Thursday, April 17, 2008

pulse - lupes - (loops) - spool - pools - pulls




"but then you have to widen the understanding of art... I am really convinced that humankind
will not survive without having realized the social body, the social order, into a kind of artwork.
they will not survive." - joseph beuys

the glass of tea glows in front of me & i am thinking about decay, rot, atrophying. (ATROFEEN)
wondering if, as the ground beneath me hardens into my summer, my hands are hardening into
how they will be when i die, stiff. someone just told me today that they drowned once - & i knew
that meant that they had died, they had been dead. some miracle had brought them back.

i am thinking how i began my life by drawing, that -- and here is my personal mythology -- "I drew
before I walked." i am equating drawing with writing, as they are both marks made by the hand, using
a tool which somehow engraves or enscribes or realeases a staining - dy(e)ing a substance onto something
else. so there i was, not yet speaking, not yet walking, but both hands moving, writing at once.

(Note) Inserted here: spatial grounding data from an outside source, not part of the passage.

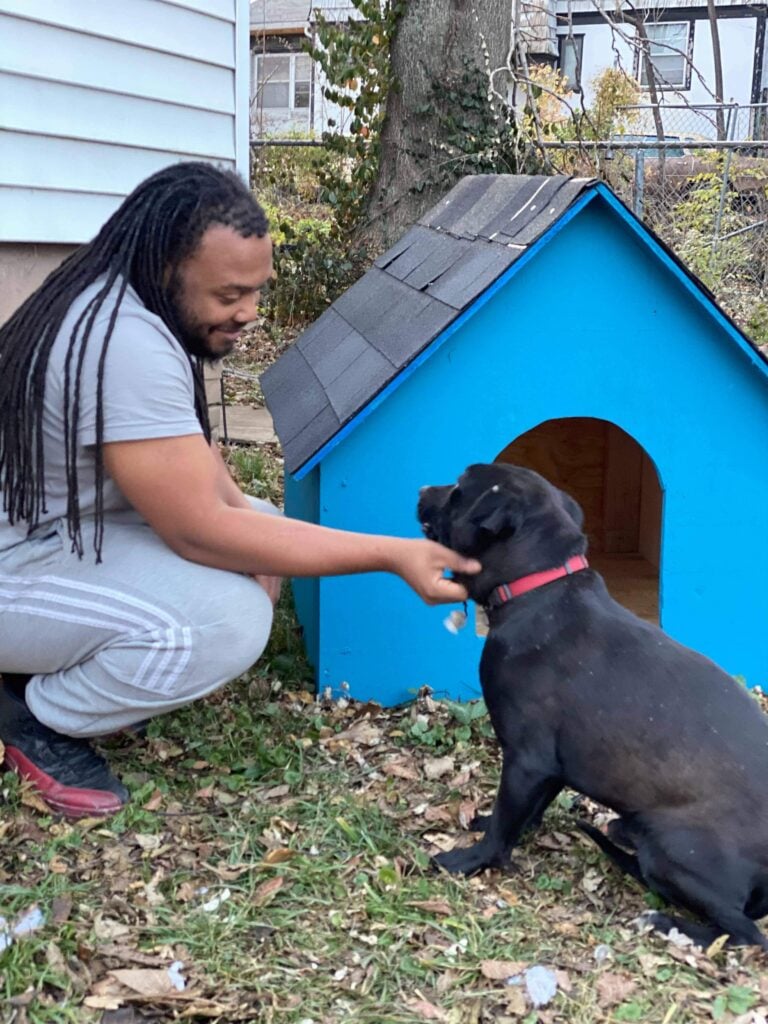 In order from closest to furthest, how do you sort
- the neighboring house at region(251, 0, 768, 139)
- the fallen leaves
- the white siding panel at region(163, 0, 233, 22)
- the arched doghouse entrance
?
the fallen leaves → the arched doghouse entrance → the white siding panel at region(163, 0, 233, 22) → the neighboring house at region(251, 0, 768, 139)

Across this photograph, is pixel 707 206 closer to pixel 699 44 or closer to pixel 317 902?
pixel 317 902

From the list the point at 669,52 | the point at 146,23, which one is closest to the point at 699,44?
the point at 669,52

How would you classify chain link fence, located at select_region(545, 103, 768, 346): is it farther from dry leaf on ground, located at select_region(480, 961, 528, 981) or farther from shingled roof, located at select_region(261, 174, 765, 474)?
dry leaf on ground, located at select_region(480, 961, 528, 981)

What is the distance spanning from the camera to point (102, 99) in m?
5.02

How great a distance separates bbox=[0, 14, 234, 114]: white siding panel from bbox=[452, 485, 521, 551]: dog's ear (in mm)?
3010

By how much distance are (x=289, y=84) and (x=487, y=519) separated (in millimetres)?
24280

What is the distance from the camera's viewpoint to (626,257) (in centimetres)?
352

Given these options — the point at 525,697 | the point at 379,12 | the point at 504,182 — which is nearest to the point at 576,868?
the point at 525,697

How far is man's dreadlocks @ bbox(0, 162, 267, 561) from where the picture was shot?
263cm

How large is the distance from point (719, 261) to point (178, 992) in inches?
318

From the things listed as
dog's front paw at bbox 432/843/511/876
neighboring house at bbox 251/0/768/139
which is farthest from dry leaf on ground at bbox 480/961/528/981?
neighboring house at bbox 251/0/768/139

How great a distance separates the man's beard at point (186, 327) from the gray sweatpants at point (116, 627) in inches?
18.8

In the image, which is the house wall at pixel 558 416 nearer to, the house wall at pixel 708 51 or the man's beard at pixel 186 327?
the man's beard at pixel 186 327

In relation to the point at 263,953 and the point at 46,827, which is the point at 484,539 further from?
the point at 46,827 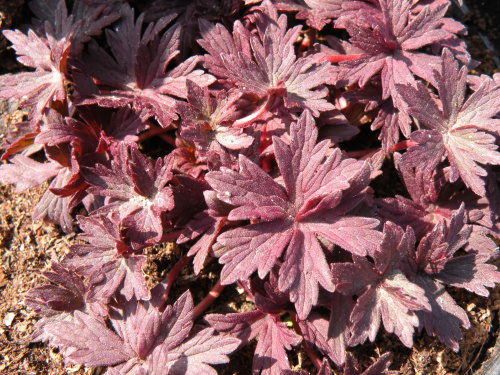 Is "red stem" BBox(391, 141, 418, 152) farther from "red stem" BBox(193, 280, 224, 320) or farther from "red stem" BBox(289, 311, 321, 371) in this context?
"red stem" BBox(193, 280, 224, 320)

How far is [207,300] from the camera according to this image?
79.4 inches

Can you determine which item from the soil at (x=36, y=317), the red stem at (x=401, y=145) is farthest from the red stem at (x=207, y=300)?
the red stem at (x=401, y=145)

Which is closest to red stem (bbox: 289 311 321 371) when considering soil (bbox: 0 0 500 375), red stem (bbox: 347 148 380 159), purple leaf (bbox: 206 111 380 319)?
soil (bbox: 0 0 500 375)

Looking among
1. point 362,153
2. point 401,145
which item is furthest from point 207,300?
point 401,145

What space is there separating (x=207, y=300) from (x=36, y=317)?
33.1 inches

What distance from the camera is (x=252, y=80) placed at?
1920mm

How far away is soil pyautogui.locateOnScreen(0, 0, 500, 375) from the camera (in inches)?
77.0

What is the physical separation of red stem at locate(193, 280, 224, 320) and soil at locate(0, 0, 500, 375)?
0.08m

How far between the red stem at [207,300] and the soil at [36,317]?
83 millimetres

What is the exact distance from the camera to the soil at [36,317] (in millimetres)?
1956

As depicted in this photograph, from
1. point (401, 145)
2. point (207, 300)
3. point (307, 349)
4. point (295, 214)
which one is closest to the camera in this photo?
point (295, 214)

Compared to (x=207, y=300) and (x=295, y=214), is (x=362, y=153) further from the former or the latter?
(x=207, y=300)

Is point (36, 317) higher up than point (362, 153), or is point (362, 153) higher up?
point (362, 153)

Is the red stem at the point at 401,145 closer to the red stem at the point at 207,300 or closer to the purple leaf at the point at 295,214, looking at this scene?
the purple leaf at the point at 295,214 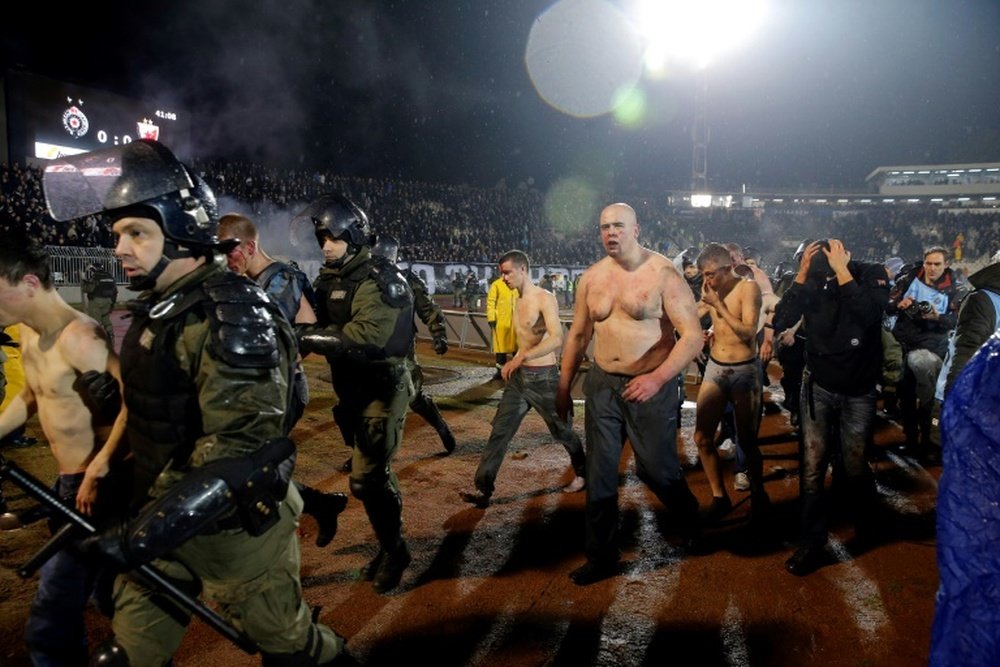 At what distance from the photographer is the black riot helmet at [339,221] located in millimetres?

so what is it about me & mark-making?

& why is that usually when i have "forgotten myself" i am also forgetting to make marks?
hands in a sort of dumbness.

i want to do a ceremony & invite my hands again to life, as i have done times before. i want to do
a rising, a resuscitation, a pulling up from the lake where perhaps they have seemed to drown, &
then to see what other parts, what dirty fabrics & scratches, come with them.